Nel primo trimestre 2025, il Pil italiano ha evidenziato una crescita dello 0,3% rispetto al livello dell’ultimo trimestre del 2024 e dello 0,7% su base tendenziale. Il valore aggiunto agricolo è aumentato dell’1,4% a livello congiunturale, mentre è rimasto fermo su base tendenziale.
I prezzi dei prodotti agricoli nazionali, misurati dall’indice Ismea, sono aumentati del 2,3% rispetto al livello del primo trimestre 2024. La crescita tendenziale è la sintesi di un incremento dei prezzi dei prodotti zootecnici (+11,6%) e di una riduzione di quelli dei prodotti vegetali (-4,5%). Rispetto all’ultimo trimestre del 2024 i prezzi mostrano una riduzione del 4,1%, dovuta interamente alle coltivazioni.
L’indice dei mezzi correnti di produzione dell’agricoltura del primo trimestre 2025, elaborato dall’Istat, è rimasto sostanzialmente stabile rispetto a quello del primo trimestre 2024, mostrando invece una lieve crescita rispetto ai livelli dell’ultimo trimestre del 2024 (+1,6%).

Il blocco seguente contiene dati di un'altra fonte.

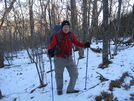 Deep Gap To Windingstair Gap by Lucky Dog in Section Hikers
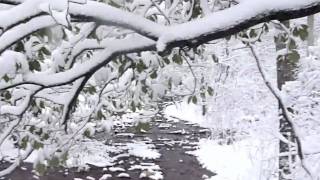 Hiking Branford Supply Pond and Queach Preserve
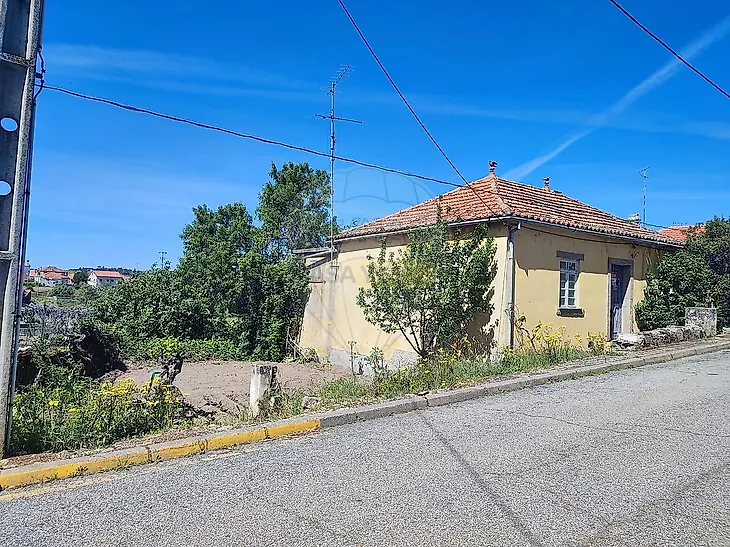main-listing-picture-0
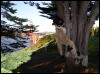 [Xavier 20060123 SanFrancisco 050]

Passando alla fase di trasformazione, nel primo trimestre 2025 i ritmi produttivi dell’industria alimentare, delle bevande e tabacco sono aumentati, come suggerito dalla crescita su base tendenziale dell’indice della produzione industriale dell’1,6%, a fronte di una riduzione del 3% del manifatturiero nel complesso.

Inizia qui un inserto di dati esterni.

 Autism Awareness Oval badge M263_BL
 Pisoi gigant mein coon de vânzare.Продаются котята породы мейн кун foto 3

Le esportazioni italiane agroalimentari nei primi tre mesi del 2025 sono aumentate del 6% su base tendenziale, sforando i 18 miliardi di euro, mentre nello stesso periodo il valore dell’export nazionale complessivo è cresciuto del 3,3%. È aumentato il valore delle spedizioni all’estero di tutte le principali produzioni del made in Italy (vini in bottiglia, caffè, prodotti di pasticceria e panetteria, spumanti e i formaggi stagionati); in riduzione l’export in valore della pasta e stabile quello dell’olio extravergine di oliva.

Le importazioni agroalimentari nel primo trimestre 2025 sono aumentate in valore del 12% rispetto al primo trimestre 2024, a fronte di una crescita del 7% delle importazioni totali nazionali. In particolare, a gennaio-febbraio 2025 sono aumentate su base annua le importazioni di caffè non torrefatto, dei bovini vivi e del mais. Si è ridotto il valore dell’import dell’olio extravergine di oliva e dei prosciutti.

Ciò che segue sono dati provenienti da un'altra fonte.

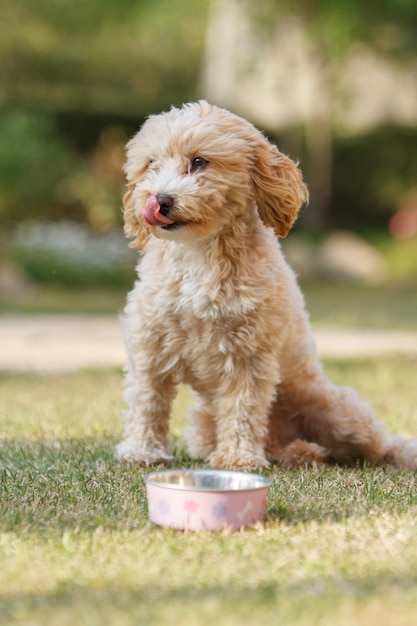 Cão em campo gramado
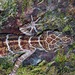 Cyrtodactylus hutan - Photo (c) Albert Kang, algunos derechos reservados (CC BY-NC), subido por Albert Kang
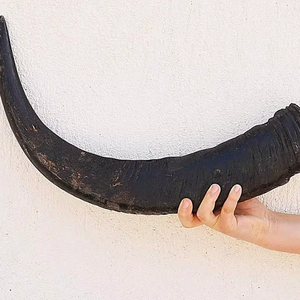 100% corne de buffle naturelle polie corne à boire Viking pour la bière ou l'eau meilleure qualité en gros en Inde corne de taille solitaire - Product Image 1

I consumi domestici dei prodotti agroalimentari

Secondo i dati dell’Osservatorio sui consumi alimentari Ismea-NielsenIQ, la spesa delle famiglie italiane nel primo trimestre 2025 è aumentata del 3,8% rispetto all’analogo periodo 2024.
Nel primo trimestre dell’anno ci sono stati incrementi di spesa importanti per le carni e i prodotti ittici in aumento anche la spesa per i prodotti lattiero-caseari, trainata da formaggi e yogurt. Sono aumentati anche gli acquisti di pane e sostituti e di piatti pronti; in lieve flessione la spesa per la pasta, a fronte di un aumento dei volumi; dinamica positiva anche per la spesa di frutta e verdura fresca. In contrazione gli acquisti di vini e spumanti; dopo due anni, è diminuita la spesa per l’olio extravergine di oliva, per cui si sono registrati notevoli incrementi degli acquisti in volume.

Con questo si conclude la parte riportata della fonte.